Blimey. How much time do you spend on that site? I thought you were always working, travelling or partying.

I have plenty of down time staying in of an evening. Death is just one of my hobbies!

Now you do sound macabre! I might join you on the site though.

Ok, but don’t say things like Hindu pyres are unnatural. It might make some people cross.

 

Does death really matter so little?

Citizens of the UK have no statutory right to bereavement leave. Momentous as the event of a death may be, it is not reckoned to be of sufficient magnitude to enjoy equal rights with birth. Says a lot about our cultural attitudes to mortality, doesn’t it? 
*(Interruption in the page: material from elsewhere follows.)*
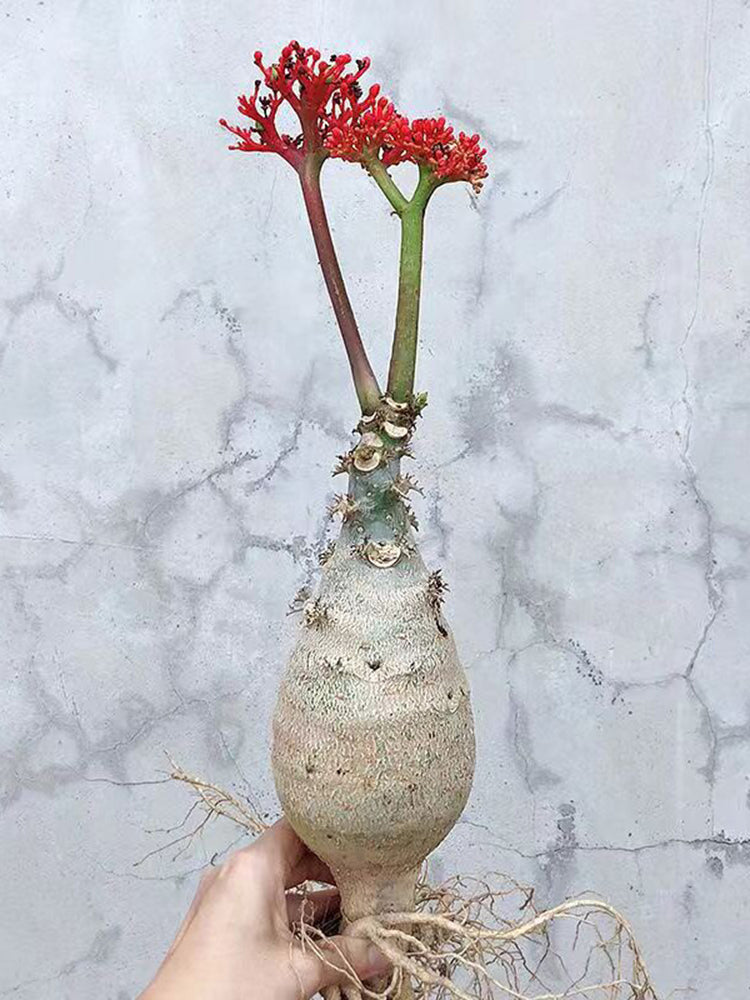 Buddha Belly Plant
There’s currently an e-petition calling for a legal right to take time off work in the aftermath of a death. It’s passed the 10,000 mark, triggering a response from the government. This is what they say: 

The death of a family member is deeply upsetting for those involved and the Government would expect any employer to respond to such situations with sensitivity and flexibility. However, the Government believes that all requests for leave related to bereavement are best left for employers and their employees to decide between themselves. The Government has not legislated for bereavement leave in any situation and there are no plans to introduce a specific right to support bereaved parents/relatives. In doing so we would be obliged to put in place limits, standards and definitions. The amount of leave needed can vary from one individual to another, and defining what family relationship would qualify for such leave, would be difficult, as it would be impossible to legislate for every circumstance. Whilst there is no specific right to “bereavement leave”, all employees do have a day-one right to “time off for dependants” which allows them to take a reasonable amount of time off work to deal with unexpected or sudden emergencies, including when a close family member dies. Time off will cover arranging and attending the funeral. Employees who exercise this right are protected against dismissal or victimisation. The right does not include an entitlement to pay. The decision as to whether the employee will be paid is left to the employer’s discretion or to the contract of employment between them. The Government hopes that employers are as sympathetic and flexible as possible in responding to employee requests for time off, particularly when bereavement is involved. This e-petition remains open to signatures and will be considered for debate by the Backbench Business Committee should it pass the 100 000 signature threshold.

There may be flaws in the government’s argument. The statement “defining what family relationship would qualify for such leave, would be difficult” applies equally to birth, doesn’t it? It isn’t difficult at all. 

You can sign the petition here. I hope you will. It won’t make the slightest bit of difference in the short term. We have to play the long game with this one. 

Here’s a reminder of the present status quo: 

Maternity leave

As an employee you have the right to 26 weeks of Ordinary Maternity Leave and 26 weeks of Additional Maternity Leave making one year in total. The combined 52 weeks is known as Statutory Maternity Leave. 

Paternity leave

As long as you meet certain conditions you can take either one or two weeks’ Ordinary Paternity Leave. You can’t take odd days off and if you take two weeks they must be taken together. 

Compassionate leave

If you are an ‘employee’, you have the right to unpaid time off work to deal with emergencies involving a ‘dependant’ – this could be your husband, wife, partner, child, parent, or anyone living in your household as a member of the family.  

When a dependant dies, you can take time off to make funeral arrangements, as well as to attend a funeral.